The looming student loan default crisis will be worse than previously thought, according to a recently published Brookings Institution report.
An examination of a 1996 entry cohort’s student loan default trends revealed that cumulative default rates continue to rise between 12 and 20 years after initial entry at an institution. Further, data projections suggest that nearly 40 percent of student-loan borrowers who entered college in 2004 will default on their loans by 2023.
Data from prior reports about student loan debt and default “has just not been ideal for looking at the problem in as much depth as we’ve liked,” said Dr. Judith Scott-Clayton, senior fellow at Brookings, associate professor of economics and education at Columbia University’s Teachers College and the report’s author.
After the U.S. Department of Education released new federal data on student debt and repayment in October 2017, Scott-Clayton said she began to dig into the information to better understand the underlying problems causing default and the types of borrowers prone to default.
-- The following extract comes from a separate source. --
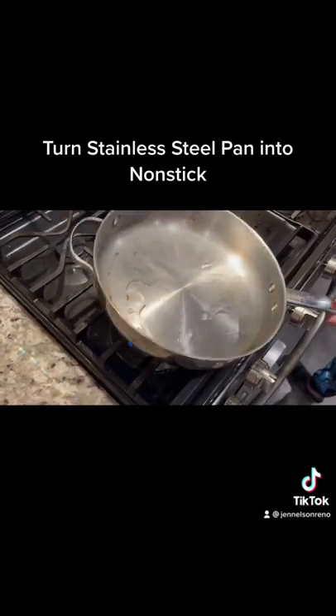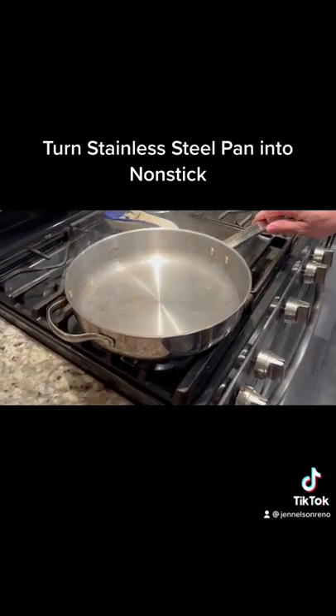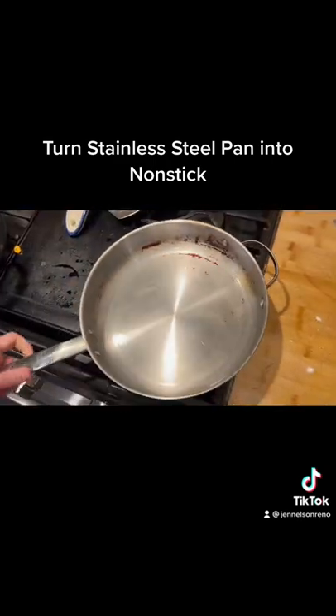Get it all even. Let it smoke for about three minutes, then turn it off and let it completely cool down on its own. Now that it's cooled down, get yourself a paper towel and soak up the oil.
A key report finding is that default trends are the most alarming among students at for-profit colleges, with 52 percent of for-profit borrowers defaulting on their loans after 12 years. This rate is twice that of public two-year borrowers.
And although average debt per student has risen over time, students who borrow smaller amounts are more likely to default on their student loans, according to the report.
Along racial lines, the report indicates that debt and default among Black college students is at “crisis levels,” as securing even a bachelor’s degree is “no guarantee of security,” Scott-Clayton wrote in the report. Black graduates who hold a bachelor’s degree default at five times the rate of their White counterparts, and are more likely to default than White college dropouts.